== Task requirements ==
From the listing below, copy each line where "steel" occurs.

Segment Open

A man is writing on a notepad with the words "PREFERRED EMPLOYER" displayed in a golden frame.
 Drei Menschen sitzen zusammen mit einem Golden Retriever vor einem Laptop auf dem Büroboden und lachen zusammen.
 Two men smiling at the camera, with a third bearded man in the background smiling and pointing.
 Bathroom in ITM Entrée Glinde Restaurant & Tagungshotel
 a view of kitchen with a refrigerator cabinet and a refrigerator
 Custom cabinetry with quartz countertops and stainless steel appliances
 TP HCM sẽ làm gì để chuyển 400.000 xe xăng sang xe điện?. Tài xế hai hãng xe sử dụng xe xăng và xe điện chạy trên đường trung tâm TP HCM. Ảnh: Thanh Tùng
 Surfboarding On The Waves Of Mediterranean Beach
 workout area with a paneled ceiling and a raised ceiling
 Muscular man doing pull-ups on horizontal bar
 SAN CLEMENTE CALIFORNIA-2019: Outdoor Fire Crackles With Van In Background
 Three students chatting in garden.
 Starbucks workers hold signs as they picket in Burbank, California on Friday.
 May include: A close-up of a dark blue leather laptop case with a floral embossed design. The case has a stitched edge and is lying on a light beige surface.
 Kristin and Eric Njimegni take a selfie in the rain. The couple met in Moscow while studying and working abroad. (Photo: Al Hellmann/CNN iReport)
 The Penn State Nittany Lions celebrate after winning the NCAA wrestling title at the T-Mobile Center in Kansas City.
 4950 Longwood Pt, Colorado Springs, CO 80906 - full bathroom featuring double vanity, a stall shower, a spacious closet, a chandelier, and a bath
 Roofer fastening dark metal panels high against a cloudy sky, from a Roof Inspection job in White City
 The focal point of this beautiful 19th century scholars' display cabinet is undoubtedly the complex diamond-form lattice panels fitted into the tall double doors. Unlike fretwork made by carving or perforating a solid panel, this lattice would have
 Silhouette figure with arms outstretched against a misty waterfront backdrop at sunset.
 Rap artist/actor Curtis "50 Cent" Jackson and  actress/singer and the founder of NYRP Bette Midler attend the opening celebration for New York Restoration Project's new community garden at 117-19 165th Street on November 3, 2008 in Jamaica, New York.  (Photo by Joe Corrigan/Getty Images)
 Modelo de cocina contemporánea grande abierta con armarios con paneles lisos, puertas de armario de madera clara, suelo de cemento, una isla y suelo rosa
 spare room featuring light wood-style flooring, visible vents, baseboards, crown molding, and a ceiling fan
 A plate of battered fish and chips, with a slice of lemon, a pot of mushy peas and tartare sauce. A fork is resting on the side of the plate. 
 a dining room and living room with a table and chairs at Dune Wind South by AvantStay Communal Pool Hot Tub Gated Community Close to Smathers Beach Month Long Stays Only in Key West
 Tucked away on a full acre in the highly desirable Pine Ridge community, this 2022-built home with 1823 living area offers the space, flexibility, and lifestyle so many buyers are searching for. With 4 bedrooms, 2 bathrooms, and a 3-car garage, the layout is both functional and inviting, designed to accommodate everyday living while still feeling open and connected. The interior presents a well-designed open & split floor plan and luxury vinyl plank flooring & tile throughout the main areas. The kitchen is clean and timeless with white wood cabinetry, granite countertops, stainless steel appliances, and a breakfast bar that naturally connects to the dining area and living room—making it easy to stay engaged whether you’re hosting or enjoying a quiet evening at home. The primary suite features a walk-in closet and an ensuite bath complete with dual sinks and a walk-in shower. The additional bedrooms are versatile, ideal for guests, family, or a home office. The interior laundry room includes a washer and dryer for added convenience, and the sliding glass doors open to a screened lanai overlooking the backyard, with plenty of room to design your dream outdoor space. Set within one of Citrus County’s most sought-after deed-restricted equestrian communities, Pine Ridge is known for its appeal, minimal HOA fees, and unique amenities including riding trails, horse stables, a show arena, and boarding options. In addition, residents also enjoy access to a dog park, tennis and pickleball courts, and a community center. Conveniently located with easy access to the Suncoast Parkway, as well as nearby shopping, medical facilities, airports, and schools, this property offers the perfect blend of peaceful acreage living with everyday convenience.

Segment Closed

== Solution ==
 Custom cabinetry with quartz countertops and stainless steel appliances
 Tucked away on a full acre in the highly desirable Pine Ridge community, this 2022-built home with 1823 living area offers the space, flexibility, and lifestyle so many buyers are searching for. With 4 bedrooms, 2 bathrooms, and a 3-car garage, the layout is both functional and inviting, designed to accommodate everyday living while still feeling open and connected. The interior presents a well-designed open & split floor plan and luxury vinyl plank flooring & tile throughout the main areas. The kitchen is clean and timeless with white wood cabinetry, granite countertops, stainless steel appliances, and a breakfast bar that naturally connects to the dining area and living room—making it easy to stay engaged whether you’re hosting or enjoying a quiet evening at home. The primary suite features a walk-in closet and an ensuite bath complete with dual sinks and a walk-in shower. The additional bedrooms are versatile, ideal for guests, family, or a home office. The interior laundry room includes a washer and dryer for added convenience, and the sliding glass doors open to a screened lanai overlooking the backyard, with plenty of room to design your dream outdoor space. Set within one of Citrus County’s most sought-after deed-restricted equestrian communities, Pine Ridge is known for its appeal, minimal HOA fees, and unique amenities including riding trails, horse stables, a show arena, and boarding options. In addition, residents also enjoy access to a dog park, tennis and pickleball courts, and a community center. Conveniently located with easy access to the Suncoast Parkway, as well as nearby shopping, medical facilities, airports, and schools, this property offers the perfect blend of peaceful acreage living with everyday convenience.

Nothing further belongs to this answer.